In his latest book, Daniel Dennett writes: “If you landed on a distant planet and were hunting along its seashore for signs of life, which would excite you more, a clam or a clam rake?” That is the neatest summary of this quandary. Would our spacemate discern the clam and the rake? For both are contained in the Voyager.

Supposing we did run into other forms of life: could we have a profitable exchange? Have you ever tried to explain something about the Renais-sance, evolution, or music to a dog, a dolphin, or our celebrated nearest cousin, the chimpanzee? Useless; yet they are much closer to us than whatever we may encounter out there. I think that our search for company, preferably good company, is doomed, for we would have nothing to say to each other.

Looking for a form of life elsewhere, based on self-replicating macro-molecules, is pointless. We will not find it. But in spite of all reasonable objections, there is this persistent yearning, and it might be worthwhile to find out just what we are looking for.

Suppose we do find it. What would be the consequence? I think we would be reassured, and we need that reassurance because the emergence of life on earth is too accidental. I will try to explain.

Imagine that in a potato-field you dig up a potato which has the shape of a finely chiseled portrait of Churchill. It’s not one of those potatoes in which, after lots of prodding, you could more or less agree that it might remind you of Churchill; no, it really shows an uncanny resemblance. This is strange. It is improbable. Absurd. How could something like that come about? It is almost as weird as the emergence of life on earth.

But wait. If you find one such potato it is unsettling, but if in the same field you dig up 173 of precisely the same shape and size, then you’ll suspect some underlying mechanism—say, an algorithm which causes a whole chain of CRISPR CAS moves resulting in DNA that produces Churchill-shaped potatoes.

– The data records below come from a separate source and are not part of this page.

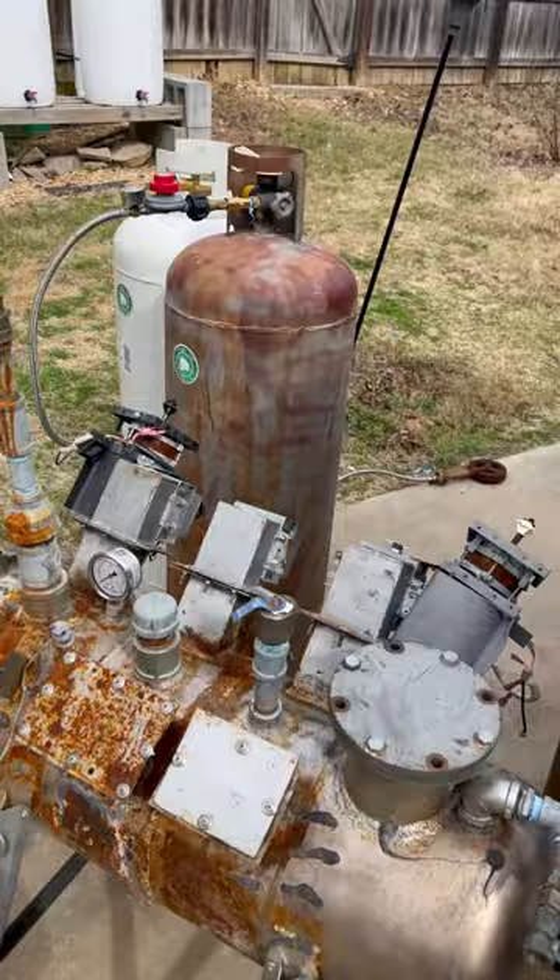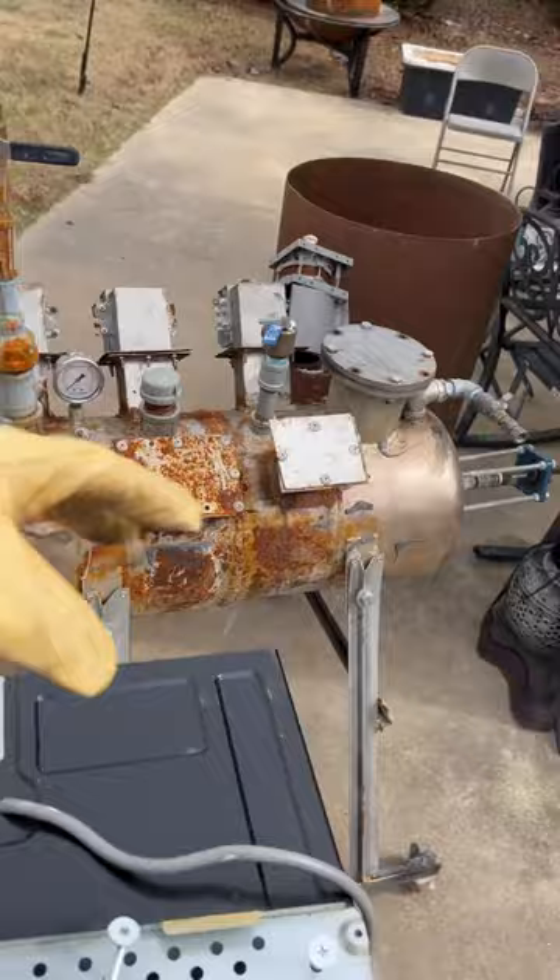We have these big propane tanks behind me that we're going to utilize in my next machine. This machine here, Mark 4, had an efficiency of double the energy output compared to the input in kilowatt hours, and as things get bigger they only get better. So this Mark 4.5 is literally going to be double the size of this.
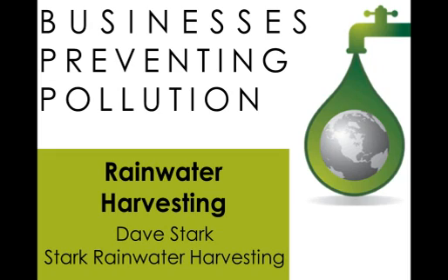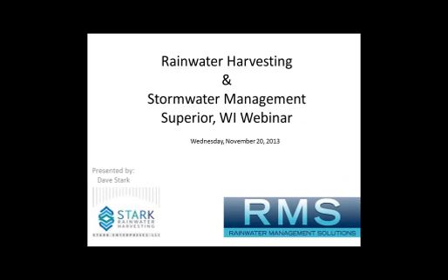So we have Dave here and I will transfer it over to him now. Our webinar today is on rainwater harvesting. Specifically, I am going to hit on a lot of different pieces on stormwater management. My company is Stark Rainwater Harvesting. We are based in Duluth, Minnesota, and we work closely with Rainwater Management Solutions out of the state of Virginia.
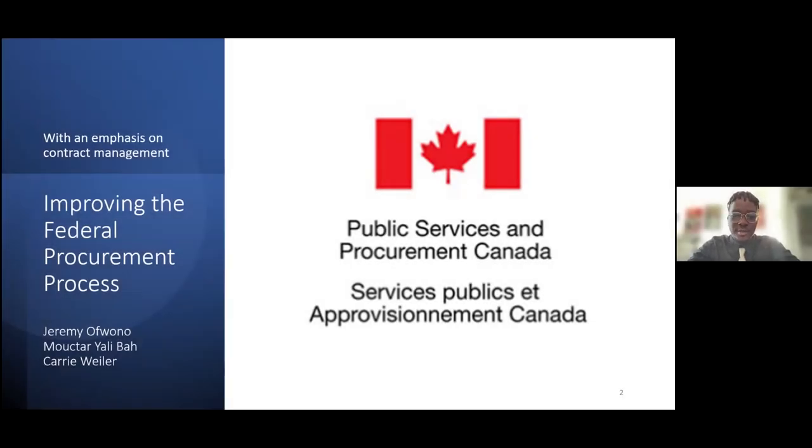Good afternoon, ladies and gentlemen. My name is Jeremy Ofono, and I'm joined here today with my fellow senior policy analysts Kerry Weller and Mukhtar Yalibar, with Public Services and Procurement Canada.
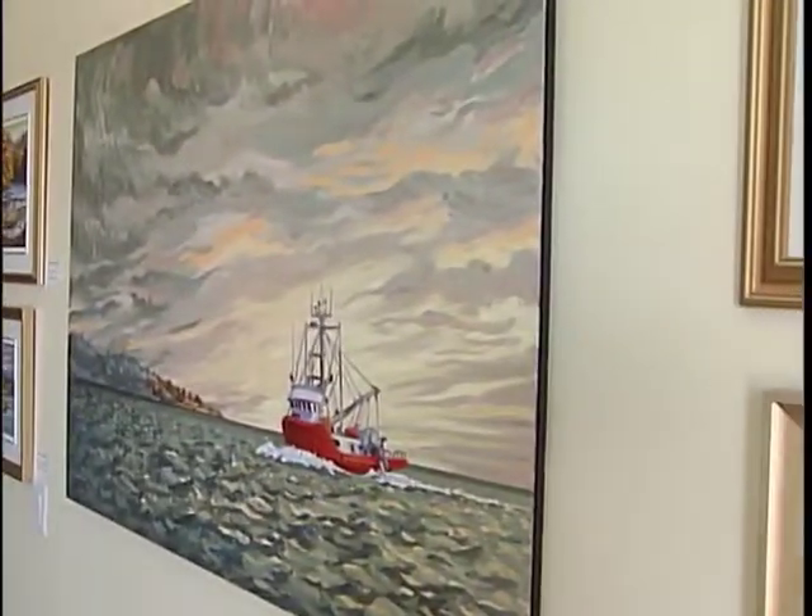At Studio 65, art is also a way to build relationships. The gallery is exactly that — there's new artists coming in and showing, and residents are able to show their own work. It creates conversation between the residents, and all of that is part of enriching the life and lifestyle of living in a retirement facility.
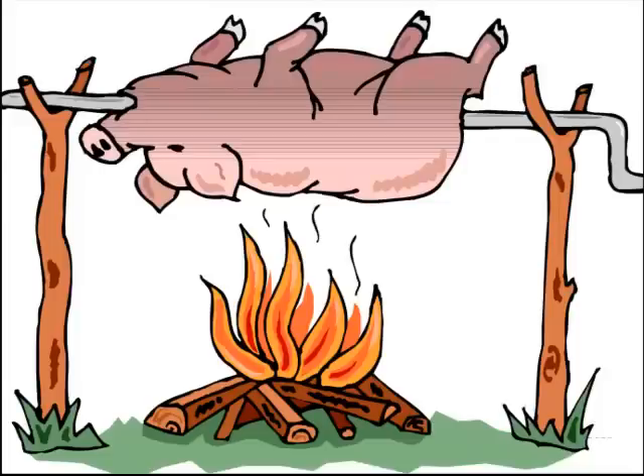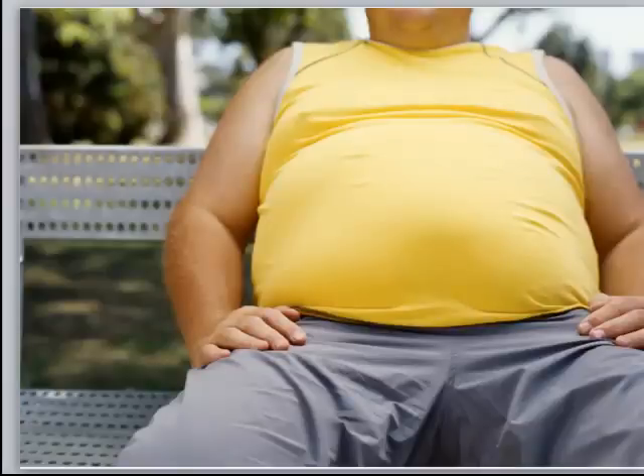Up until a few years ago, it was believed that only newborns — little babies — and hibernating animals had brown fat. But recent studies have shown that adults can increase their brown fat and start burning off the white fat, which is that unsightly cottage cheese on our hips and behinds, giving us big stomachs and all that.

In a similar vein, discovering life elsewhere would be reassuring because it would prove that life is not all that accidental. The possibility was apparently somehow woven into the fabric of matter, and given sufficient time, it will spring forth.

But then a new worry is born. Imagine that on this other planet “they” evolve as far as bacteria. Then we find Dennett’s clam. Which is only partially reassuring, because we earthlings moved on to the rake.

Finding bacteria or related forms of life elsewhere would push us back into a depressing awareness of our uniqueness, because from bacteria we developed into an animal that scratches its head trying to figure out how it ever reached this biologically useless level of worrying. An animal that seeks consolation for its predicament in the presence of similar beings in other places. We are seeking in vain for a relief that we will only experience when we find an arrowhead out there, a wheel, an ornament, a drawing maybe, and at this point I can hear Xenophanes laugh.

What we are looking for in life elsewhere is a less burdensome awareness of our being around at all. I don’t think we are going to find it.

Bert Keizer is a Dutch geriatrician and philosopher who writes regularly on ethical issues in the national press. His latest book, as yet untranslated into English, is From Ashes to Zombies: An Alphabetical Journey Around Death.